_WHAT YOU ARE ASKED TO DO_
Print out the data that follows exactly, character for character, apart from the pictures.

Short web captions:
=-=-=-=-=

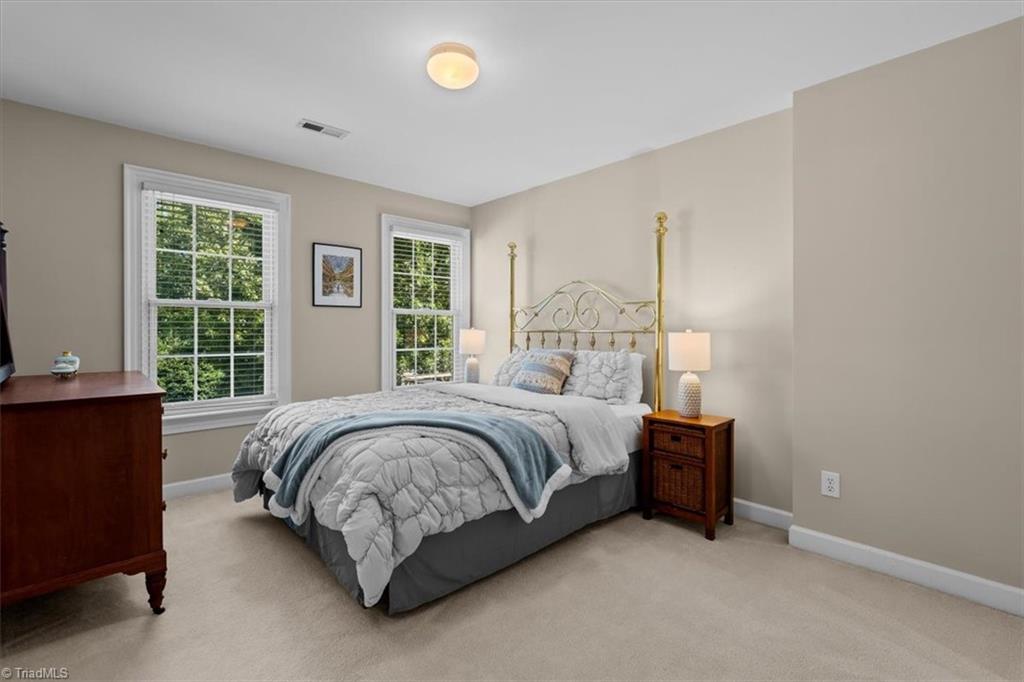 3905 Battenburg Court Property Photo 32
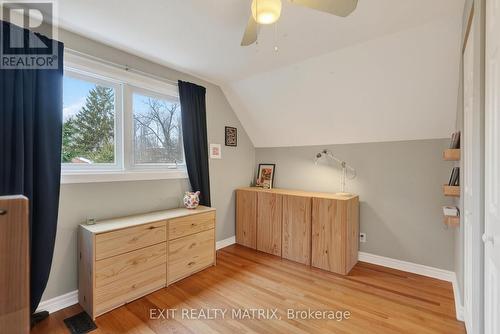 2586 Henley Street, Ottawa, ON - Indoor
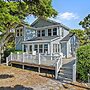 Whispering Oaks 3 Bedroom Home by RedAwning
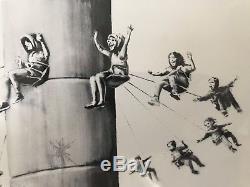 Banksy Original Walled Off Hotel Coffret Imprimé + Documents D'authentification Et Extras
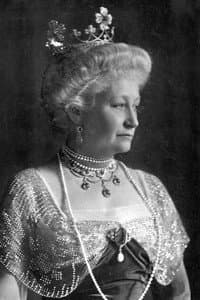 Augusta Victoria of Schleswig-Holstein in Arrivée en gondole des souverains d'Allemagne et d'Italie au palais royal de Venise
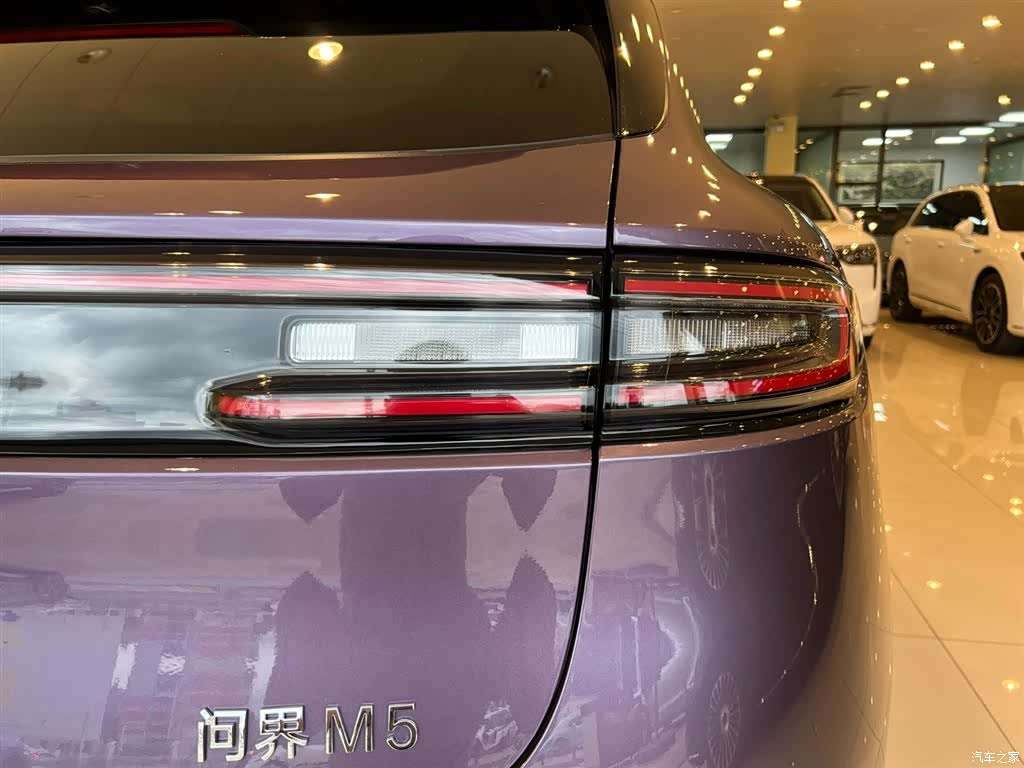 AITO M5, 2025 10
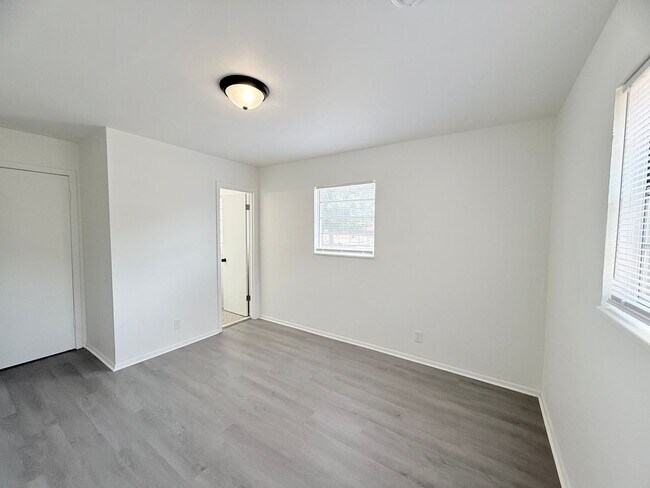Building Photo - 3-Bedroom Home Near NAS Whiting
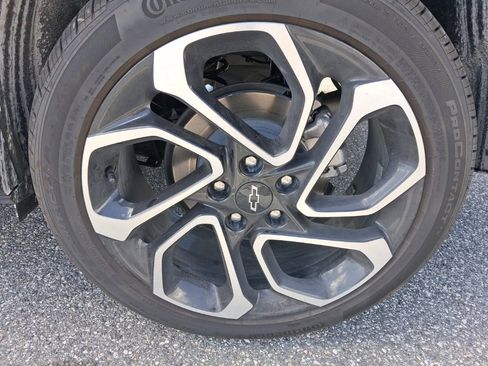 Used 2025 Chevrolet Trax RS w/ Driver Confidence Package image 11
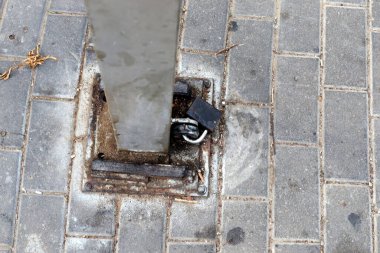 Eski demir kilit yakında. Güvenlik ve güvenlik kavramı.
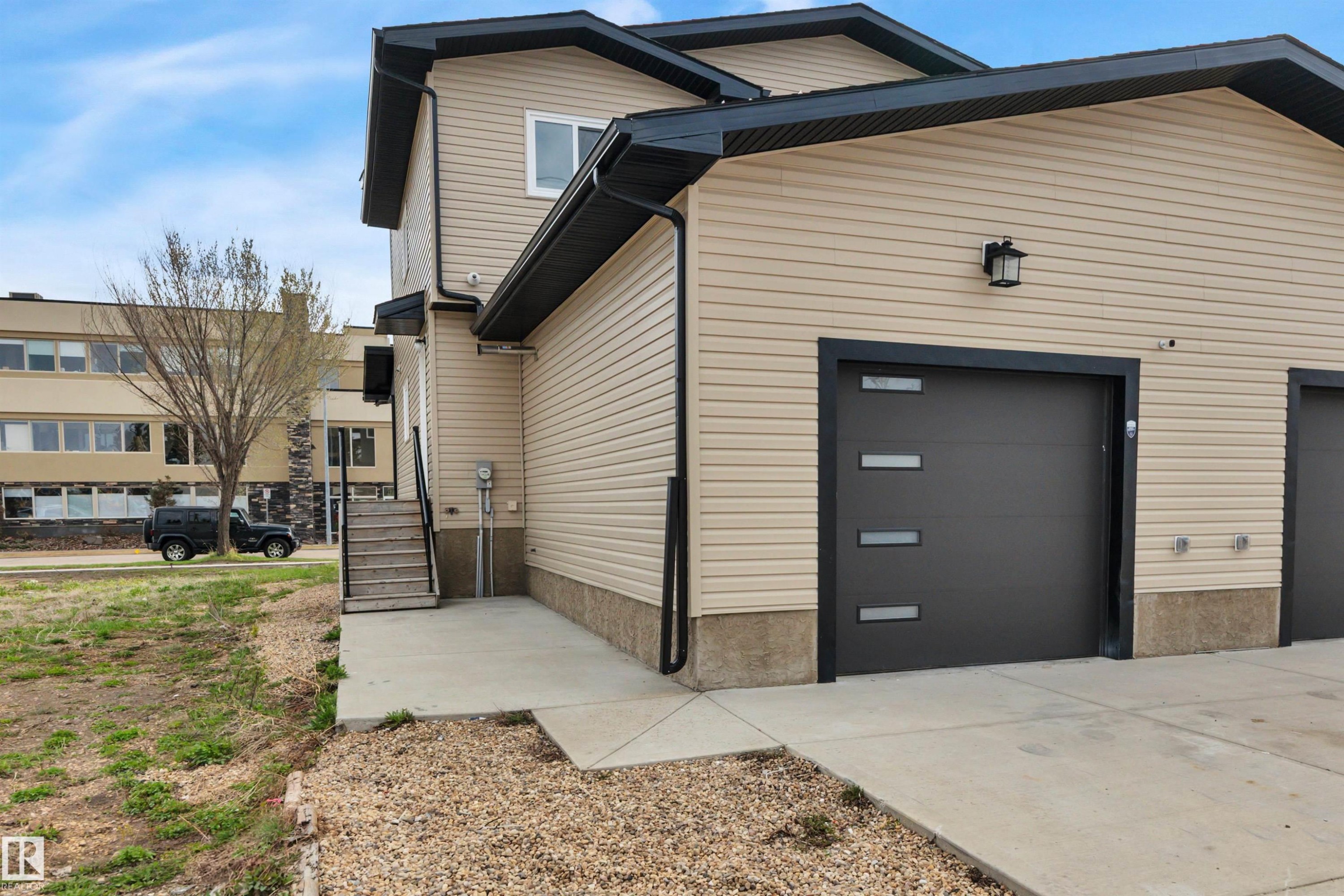 












5006 48 Ave

,
Leduc,




AB
T9E 7H7

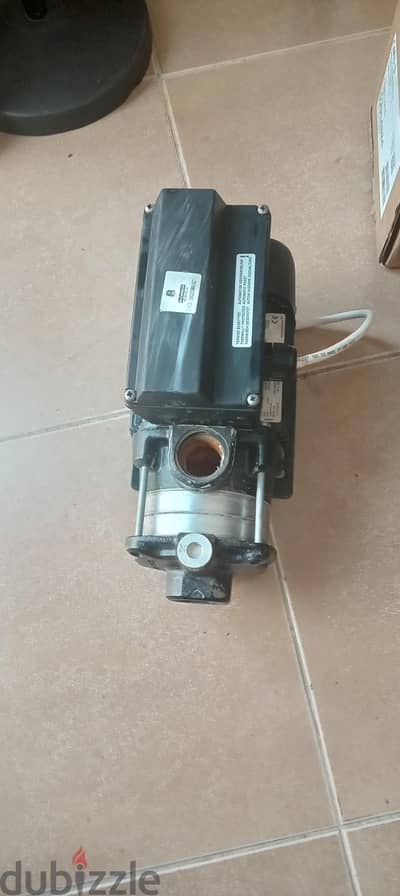 Groundfos water pump1 hp for sale, serious buyers contact 35406056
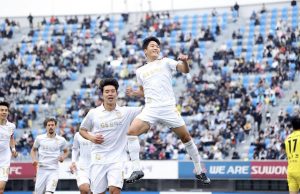 ‘멀티골’ 나상호, 득점 단독 선두… FC서울 2위 도약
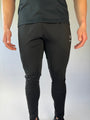 FlexMotion trainingsbroek heren in zwart met tapered fit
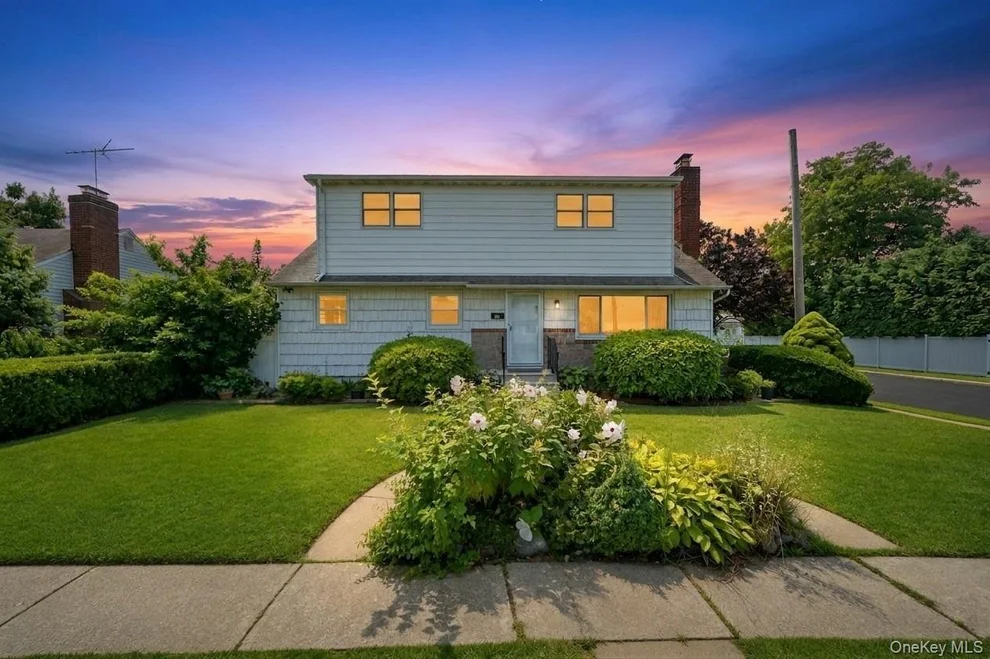 Unit for sale at 10 York Street, Oyster Bay, NY 11801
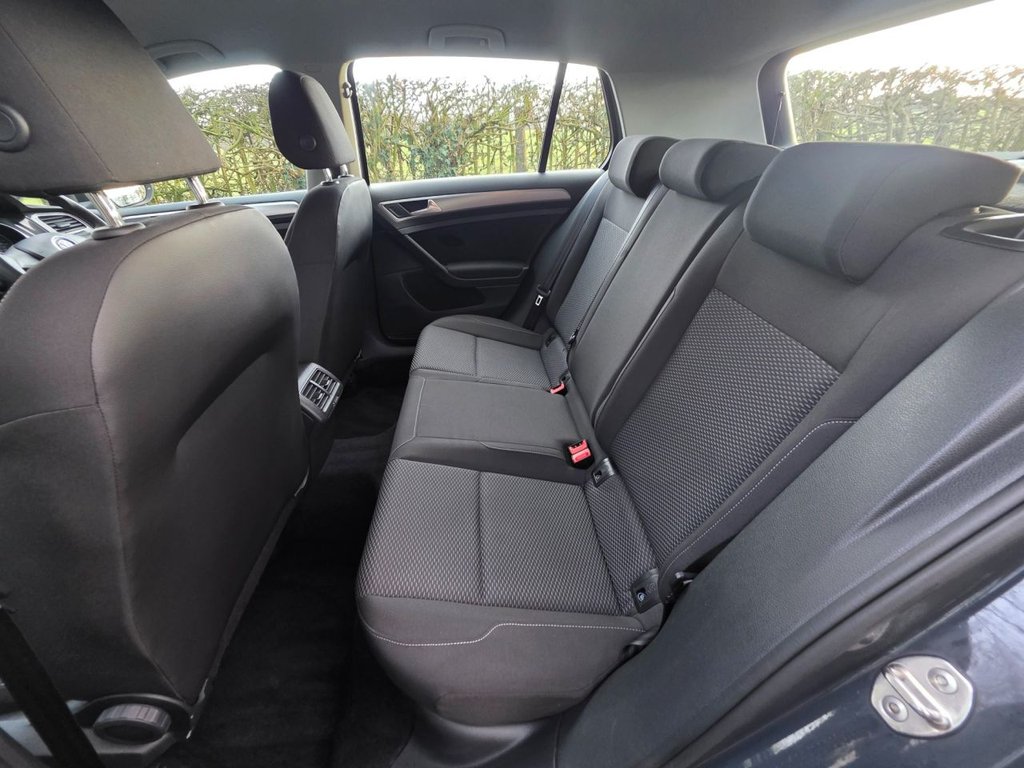 Used Volkswagen Golf 2017 for sale - 77133331: Photo 38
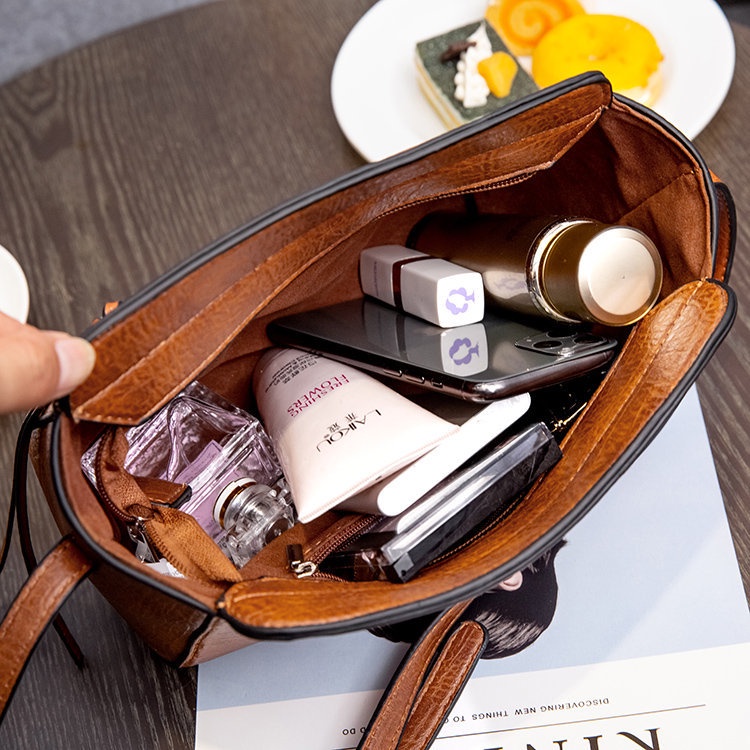 Tas Selempang Wanita Rinz Bag Fashion Import Kulit Sintetis Sling Bag Kekinian Berkualitas Traco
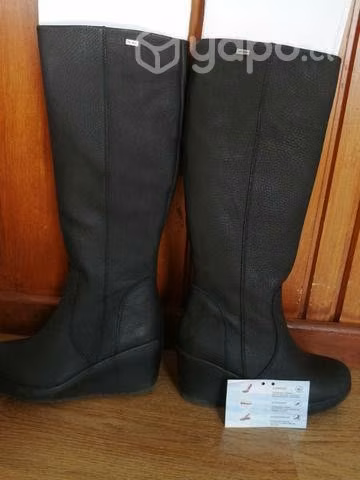 Botas nuevas, 16 hrs, talla 35,5 - Imagen 2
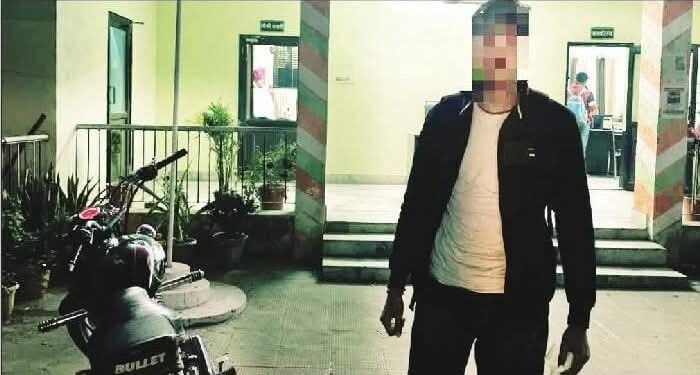 तेज आवाज बनी मुसीबत, रेट्रो साइलेंसर लगी बुलेट जब्त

=-=-=-=-=

_PROBLEM SOLUTION_
 3905 Battenburg Court Property Photo 32
 2586 Henley Street, Ottawa, ON - Indoor
 Whispering Oaks 3 Bedroom Home by RedAwning
 Banksy Original Walled Off Hotel Coffret Imprimé + Documents D'authentification Et Extras
 Augusta Victoria of Schleswig-Holstein in Arrivée en gondole des souverains d'Allemagne et d'Italie au palais royal de Venise
 AITO M5, 2025 10
Building Photo - 3-Bedroom Home Near NAS Whiting
 Used 2025 Chevrolet Trax RS w/ Driver Confidence Package image 11
 Eski demir kilit yakında. Güvenlik ve güvenlik kavramı.












5006 48 Ave

,
Leduc,




AB
T9E 7H7

 Groundfos water pump1 hp for sale, serious buyers contact 35406056
 ‘멀티골’ 나상호, 득점 단독 선두… FC서울 2위 도약
 FlexMotion trainingsbroek heren in zwart met tapered fit
 Unit for sale at 10 York Street, Oyster Bay, NY 11801
 Used Volkswagen Golf 2017 for sale - 77133331: Photo 38
 Tas Selempang Wanita Rinz Bag Fashion Import Kulit Sintetis Sling Bag Kekinian Berkualitas Traco
 Botas nuevas, 16 hrs, talla 35,5 - Imagen 2
 तेज आवाज बनी मुसीबत, रेट्रो साइलेंसर लगी बुलेट जब्त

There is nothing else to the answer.